Fedex and UPS

Why do they hate us so?  I get that they need to concentrate on the volume customers where the margin is, but... have you had the experience of going to pick up a missed delivery lately?

First to our local (thank goodness!) UPS store.  After checking my ID, the clerk found my package and brought it to the counter.  Then they proceeded to scan three of the four barcodes on the surface of the package approximately thirty times.  For some reason, the fourth was ignored.  It took a minute, which sounds tiny... but in that situation is a very long time.

Think a one-minute delay in this situation is a hyper-quibble?  Try it!  Get ready to go somewhere and put the last thing you need to take with you on the table.  Then set a 60-second timer and stand there, imagining someone cluelessly beeping and booping a handheld scanner at it every couple of seconds until the timer rings.  Then, and only then, you can finally grab it and go.

With my mood thus primed, I was off to FedEx.  There are three FedEx locations near us so of course our missed delivery was taken to the one 40 miles away, not the 12 or the 15.  Why?  It's how they divided up the city for no reason they were willing to explain.  This location was an enormous warehouse only accessible to the public by ringing a security intercom in the parking lot, then going through a subway-style turnstile.  This is not a mistake, this is where the sign in the parking lot directs the public.

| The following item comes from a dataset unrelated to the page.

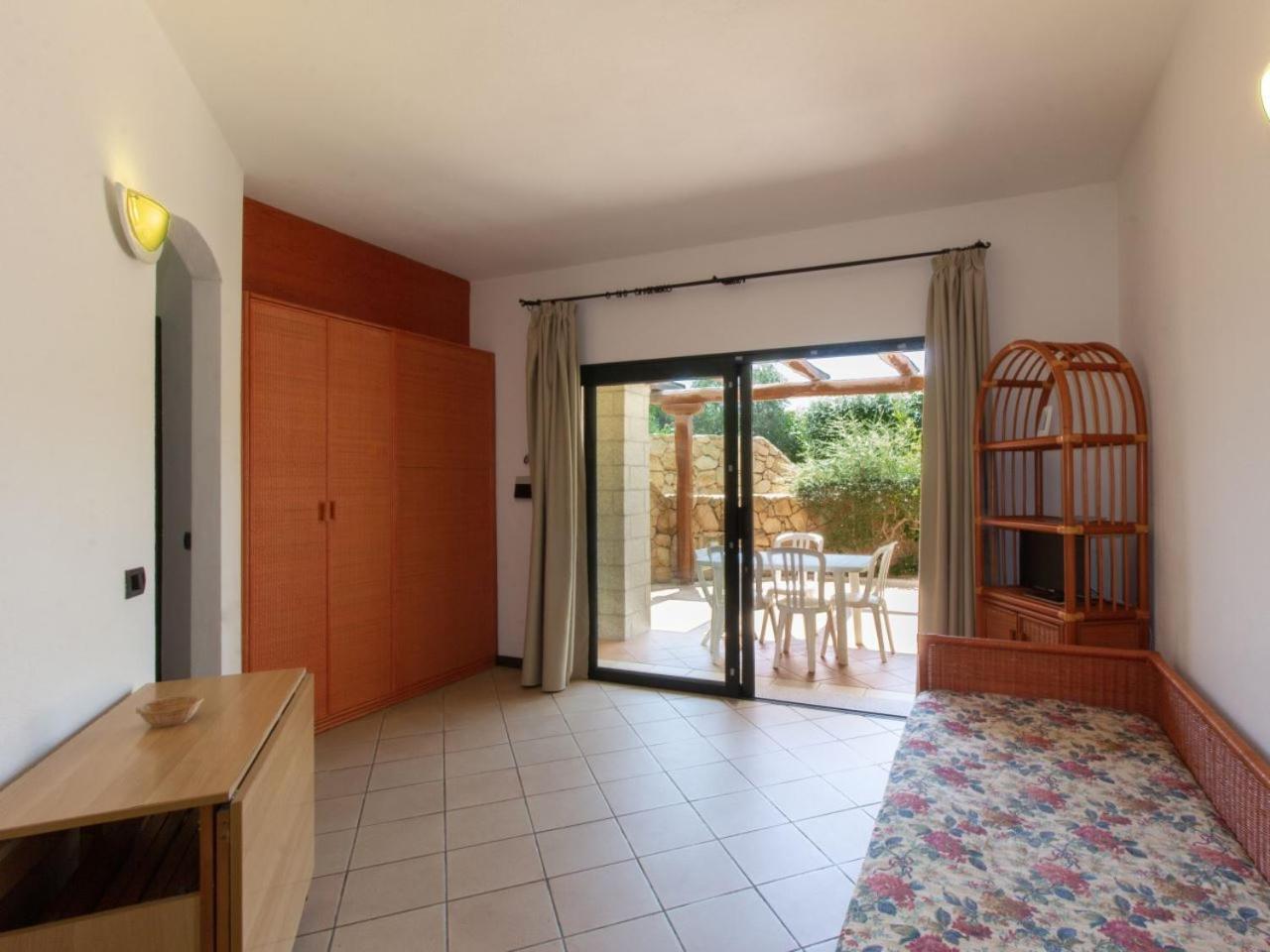 Baia Del Faro Aparthotel Palau Εξωτερικό φωτογραφία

When I entered the building, I would not have doubted if someone had told me that I had died and the obnoxious PK in my Senior English class was right -- I was in Hell.  I got to spend twenty minutes, too, while the staff debated whether the remote location the driver called us to tell us it would be was the right one.  Finally someone pedaled off on a tricycle with a basket to fetch my package.

So. Back to my original question: why do they hate us so?